Permasalahan Pajak jadi Kendala Investasi di Indonesia
Jumat, 20 November 2015 - 16:09 WIB
Sumber :
VIVA.co.id
- Permasalahan seputar pajak yang dialami Usaha Kecil dan Menengah Domestik, membuat UKM tidak dapat berkembang. Bahkan, investor asing pun mengeluhkan soal pajak. Untuk mengatasi tantangan tersebut, pemerintah saat ini sedang menyusun regulasi mengenai upaya pengembangan UKM, termasuk bagaimana UKM dapat menghadapi kendala perpajakan.
“Bukan hanya investor asing, tetapi praktisi UKM domestik juga mengeluhkan soal pajak,” kata Anggota BKSAP DPR RI Melani Leimena Suharli, saat pertemuan antara Badan Kerja Sama Antar Parlemen (BKSAP) DPR dengan Kamar Dagang dan Industri (KADIN) Thailand, di Bangkok, Thailand, Kamis 19 November 2015. Kunjungan BKSAP ini juga dalam rangka untuk menindaklanjuti resolusi AIPA dalam rangka MEA.
Melani menambahkan, permasalahan iklan dan perijinan juga menjadi kendala bagi pengusaha Thailand. Pasalnya, setiap pemasangan iklan masih dikenakan pajak. Selain itu, dibutuhkan waktu yang sangat lama, hamper satu tahun untuk mendapatkan sertifikat dari BPOM. Persoalan yang sama juga dihadapi oleh pengusaha lokal.
“Hal ini menjadi PR (pekerjaanrumah, RED) bagi DPR dalam menyusun kebijakan,” kata politisi F-Demokrat itu, sembari mempertanyakan mengenai insentif yang diberikan Pemerintah Thailand kepada sektor UKM di Thailand.
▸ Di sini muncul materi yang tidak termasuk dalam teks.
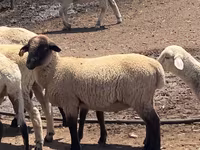 Baran, Hampshire sheep — zdjęcie 1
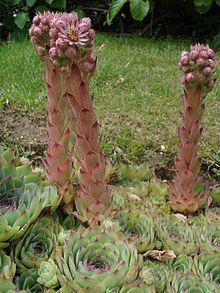 Sempervirum tectorum1.jpg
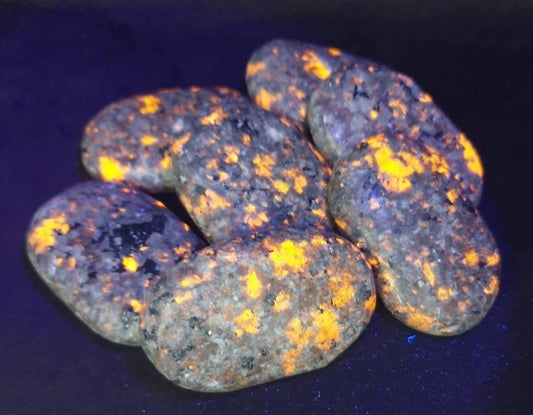 YOOPERLITE PALMSTONES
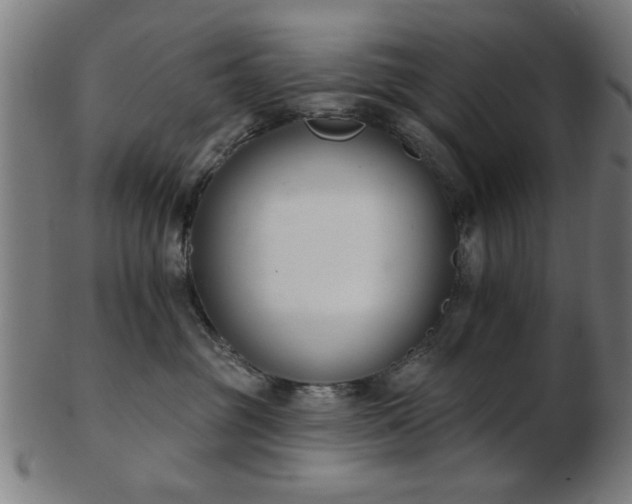 X0000103420381200809121313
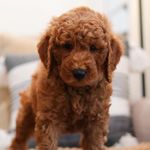 Max Benner - @maxbenner1010 - Instagram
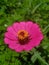 Zinia flowers are very beautiful pink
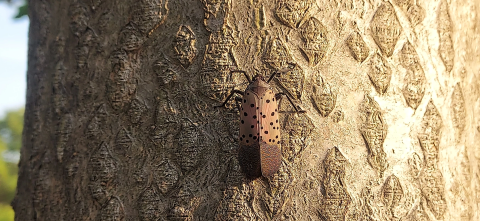 Spotted lanternfly on a tree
Dalam kesempatan yang sama, ia juga menyampaikan kekhawatiran mengenai produk Indonesia yang sebelumnya diekspor, namun diimpor kembali ke dalam negeri setelah diberi label asing.
“Hal itulah yang harus kami hindari, sehingga inspeksi terhadap produk impor perlu dilakukan. Terlebih lagi, kita akan menghadapi MEA, segala sesuatunya harus lebih transparan,” imbuh politisi asal dapil Jakarta itu.
Terkait ekspor impor produk gula, Melani menyampaikan bahwa DPR akan segera menyusun regulasinya. Ia juga mendorong adanya kerjasama antara kedua Negara dalam bidang digital, terutama pembuatan animasi.
“Akan lebih baik apabila Badan Ekonomi Kreatif Indonesia dapat bekerjasama dengan lembaga kreatif di Thailand,” tambahnya.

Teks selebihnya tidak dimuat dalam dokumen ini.